Halloween Howls, released in 1999 by Gemstone Entertainment and posted above from the Aeolus 13 Umbra YouTube channel, is one of several similarly named albums for All Hallows' Eve. Typically, these sort of holiday-themed CDs have a collection of campy Halloween sound effects, dialog, and maybe a ghost story or two. Halloween Howls, however, takes a more subtle approach. Moody and atmospheric, yes, there are the expected groans and moans and the cackling witch, but long periods of environmental noise mark this work, sometimes penetrated by a blood-curdling scream, a frantic heartbeat, a chainsaw, or slow, plodding footsteps that punctuate the silence. In real life, the only demons dogging us are the ones we create ourselves, but for those who have encountered crime, mental illness, and misfortune also know that the darker side of life, like a hurricane, can be a natural, unpredictable force unto itself.
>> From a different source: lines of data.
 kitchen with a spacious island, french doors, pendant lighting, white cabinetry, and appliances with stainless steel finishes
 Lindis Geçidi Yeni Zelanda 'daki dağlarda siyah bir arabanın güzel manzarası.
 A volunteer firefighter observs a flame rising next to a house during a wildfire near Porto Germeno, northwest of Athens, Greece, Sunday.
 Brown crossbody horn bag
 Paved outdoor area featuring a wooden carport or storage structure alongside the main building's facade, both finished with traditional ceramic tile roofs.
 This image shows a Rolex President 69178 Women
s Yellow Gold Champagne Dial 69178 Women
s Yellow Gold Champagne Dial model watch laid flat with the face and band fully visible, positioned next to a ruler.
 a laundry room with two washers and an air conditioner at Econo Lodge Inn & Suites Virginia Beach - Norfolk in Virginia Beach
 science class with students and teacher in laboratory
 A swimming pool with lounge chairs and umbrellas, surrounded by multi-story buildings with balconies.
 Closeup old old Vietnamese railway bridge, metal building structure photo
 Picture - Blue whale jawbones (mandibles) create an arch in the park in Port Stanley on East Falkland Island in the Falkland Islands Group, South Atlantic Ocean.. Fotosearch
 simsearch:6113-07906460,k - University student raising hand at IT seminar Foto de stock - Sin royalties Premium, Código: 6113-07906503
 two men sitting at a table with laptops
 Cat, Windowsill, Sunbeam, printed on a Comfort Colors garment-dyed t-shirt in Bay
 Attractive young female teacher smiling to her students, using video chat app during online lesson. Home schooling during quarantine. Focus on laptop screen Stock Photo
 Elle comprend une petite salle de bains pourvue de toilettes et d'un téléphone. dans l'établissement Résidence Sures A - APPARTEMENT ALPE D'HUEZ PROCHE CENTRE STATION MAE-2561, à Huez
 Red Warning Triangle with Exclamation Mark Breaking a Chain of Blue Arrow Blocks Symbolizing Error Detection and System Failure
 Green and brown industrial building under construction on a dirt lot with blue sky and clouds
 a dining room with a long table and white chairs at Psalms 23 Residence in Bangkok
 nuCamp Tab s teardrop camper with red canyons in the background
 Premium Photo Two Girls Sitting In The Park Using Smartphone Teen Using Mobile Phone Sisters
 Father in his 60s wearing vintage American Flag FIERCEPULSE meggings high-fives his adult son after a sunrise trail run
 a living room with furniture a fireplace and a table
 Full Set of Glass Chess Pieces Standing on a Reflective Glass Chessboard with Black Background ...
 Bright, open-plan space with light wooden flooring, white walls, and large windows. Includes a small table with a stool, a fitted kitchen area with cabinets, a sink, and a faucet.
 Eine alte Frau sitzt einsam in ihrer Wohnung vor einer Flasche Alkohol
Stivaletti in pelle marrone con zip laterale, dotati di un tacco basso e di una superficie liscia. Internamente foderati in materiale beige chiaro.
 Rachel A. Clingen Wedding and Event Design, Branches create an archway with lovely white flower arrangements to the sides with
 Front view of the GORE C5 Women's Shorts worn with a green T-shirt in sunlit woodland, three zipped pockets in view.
If, by chance, Halloween happened never to have originated in late October, surely it would have to be moved there. In the Northeast, the colorful cacophony of leaves is past its peak and the transition to the dead and dormant state of winter, though still nearly two months away, is soon to settle in. The 21st century modern human seldom affords itself time for contemplation, private space, and to be alone with our thoughts. We are never too far away from our cell phones, computers, car radios, TV in office waiting rooms — all clamoring for our attention. Convenient distractions from our fears and which protect the tenuous psychological barriers that buffer our sanity from the stark reality of our fragile mortal existence.
Halloween Howls, whose composer remains a mystery, is not music per se, but if John Cage’s three-movement composition 4’33”, which consists entirely of the ambient noises of the listener’s environment, can be considered music then I think we can afford Halloween Howls some measure of inclusion into the ambient music world.